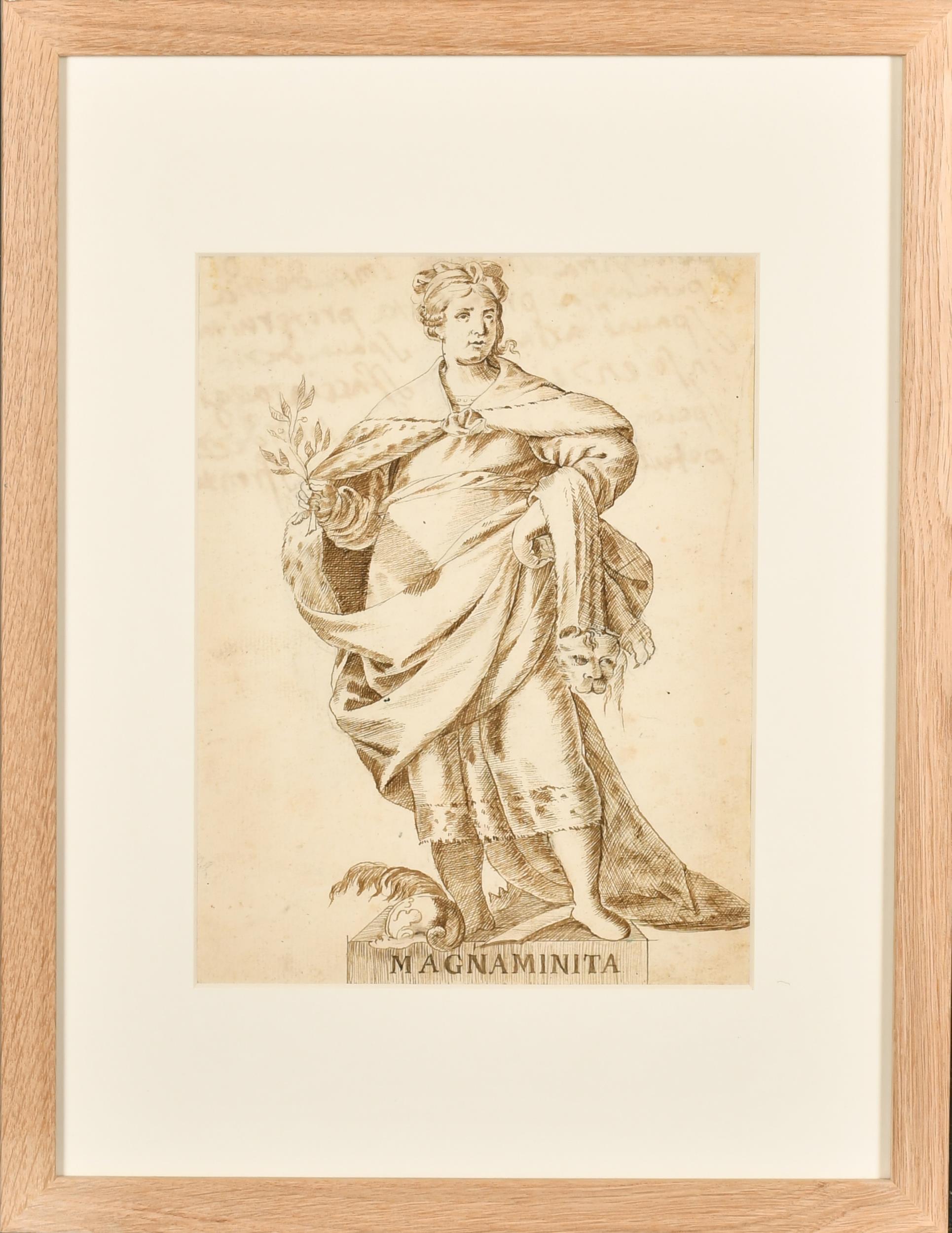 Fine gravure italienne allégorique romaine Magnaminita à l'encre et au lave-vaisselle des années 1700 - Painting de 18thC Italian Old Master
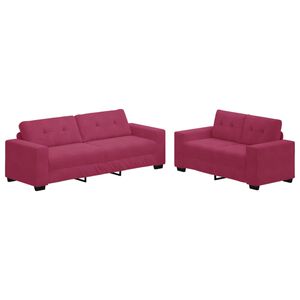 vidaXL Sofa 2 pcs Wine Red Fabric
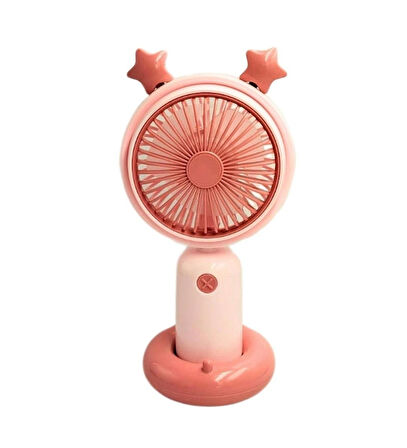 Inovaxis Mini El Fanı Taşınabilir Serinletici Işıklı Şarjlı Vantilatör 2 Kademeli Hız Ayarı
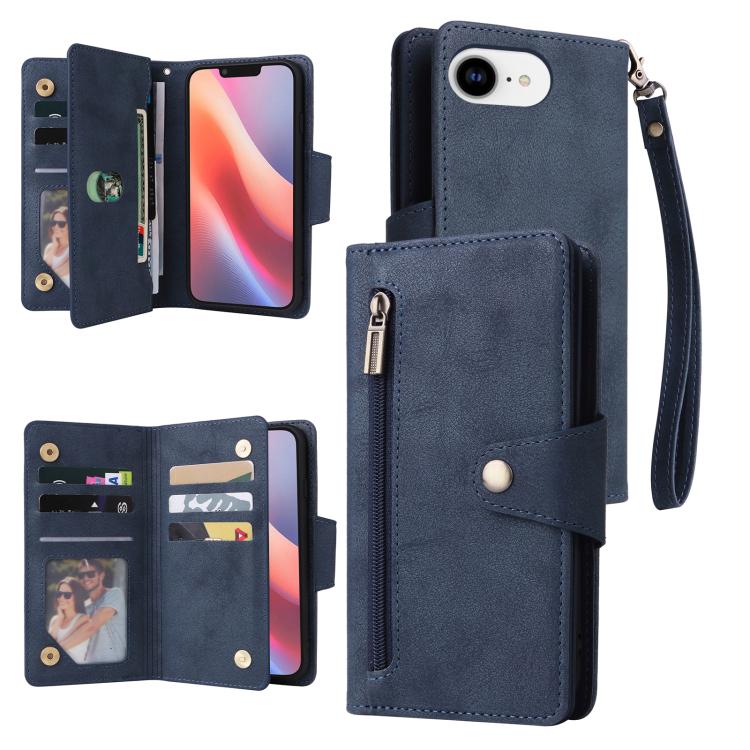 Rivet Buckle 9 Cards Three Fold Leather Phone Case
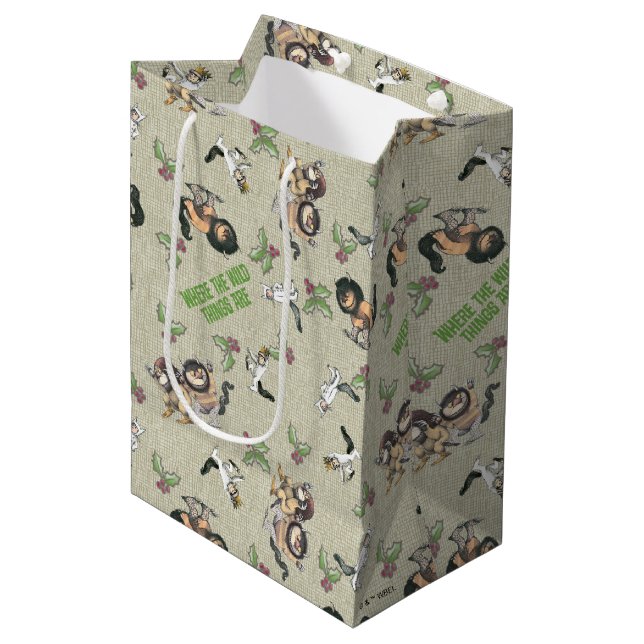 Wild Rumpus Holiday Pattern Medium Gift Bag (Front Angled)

···

## Required work
Leaving the pictures aside, transcribe exactly the lines from the one containing "vidaXL Sofa 2 pcs Wine Red Fabric" to the final line of the entries above, both ends included.

## Task solution
 vidaXL Sofa 2 pcs Wine Red Fabric
 Inovaxis Mini El Fanı Taşınabilir Serinletici Işıklı Şarjlı Vantilatör 2 Kademeli Hız Ayarı
 Rivet Buckle 9 Cards Three Fold Leather Phone Case
 Wild Rumpus Holiday Pattern Medium Gift Bag (Front Angled)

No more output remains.